A Replacement Rutherglen Royalty Boundary Stone
© Rutherglen Heritage Society
In 2011 a project to resurvey Rutherglen’s Royalty Boundary Stones was initiated by one of the members of Rutherglen Heritage Society. He expressed concerns about a stone located near Glasgow Road by the route of the M74 extension, then under construction. Documents stated that the stone dated from 1851 and it was feared that construction works would damage the stone.
Right, a photograph of what was thought to be the original stone.
As construction work on the motorway progressed, the stone was removed from the surrounding soil and discovered to be a small boulder. The original stone from 1851 must have been lost at an earlier date and someone replaced it with the boulder. The members of the Society resolved to replace the boulder with a new boundary stone. Funding obtained from Celebrating Lanarkshire 2013 was used to cover the costs.
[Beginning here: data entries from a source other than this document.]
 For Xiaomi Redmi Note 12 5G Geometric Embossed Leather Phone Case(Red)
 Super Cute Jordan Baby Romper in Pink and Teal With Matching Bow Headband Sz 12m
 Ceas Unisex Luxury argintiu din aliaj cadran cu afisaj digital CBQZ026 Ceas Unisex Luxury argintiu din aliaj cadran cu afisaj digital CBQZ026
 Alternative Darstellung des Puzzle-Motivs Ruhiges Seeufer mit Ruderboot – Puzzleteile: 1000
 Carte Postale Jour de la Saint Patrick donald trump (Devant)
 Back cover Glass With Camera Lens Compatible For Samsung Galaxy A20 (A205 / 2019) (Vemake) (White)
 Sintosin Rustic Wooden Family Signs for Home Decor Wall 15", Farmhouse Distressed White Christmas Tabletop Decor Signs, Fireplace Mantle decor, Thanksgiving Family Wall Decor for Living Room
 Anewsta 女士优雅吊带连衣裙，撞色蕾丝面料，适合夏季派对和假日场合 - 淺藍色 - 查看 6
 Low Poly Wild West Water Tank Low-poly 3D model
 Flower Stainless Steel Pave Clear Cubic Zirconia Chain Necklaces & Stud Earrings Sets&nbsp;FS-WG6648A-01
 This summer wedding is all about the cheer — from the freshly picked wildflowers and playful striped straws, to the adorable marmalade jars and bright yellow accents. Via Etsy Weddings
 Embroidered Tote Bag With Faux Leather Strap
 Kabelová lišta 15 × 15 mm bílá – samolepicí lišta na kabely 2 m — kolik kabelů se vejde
Left, loading the replacement stone.
Reigart Demolition, Coatbridge, kindly donated a suitable piece of stone. As seen above left, a fork lift truck easily placed the stone into a hired van. The stone was transported to Glasgow Cathedral where it was to be carved by David Kerr, the stonemason. After being carved the stone was transported back to Rutherglen where South Lanarkshire Council’s Roads Department installed it near the original end of Quay Road.
The stone was inscribed with “R” for Rutherglen and two dates – 1851 and 2013 – being the dates of the original stone and of its replacement. There is one surviving example of a boundary stone which also has two dates, 1685 and 1897. It also has the name R. McKenzie inscribed on it. Robert McKenzie was a printer and publisher of the local newspaper, the Rutherglen Reformer. The new stone also has the initials RHS for the Rutherglen Heritage Society, and a thistle.
Rutherglen Heritage Society would like to thank Reigart Demolition, David Kerr and SLC Roads Department for their assistance in providing a new Royalty Boundary Stone for Rutherglen.
Gill Owen, Rutherglen Heritage Society
Right, the replacement stone, proudly in place.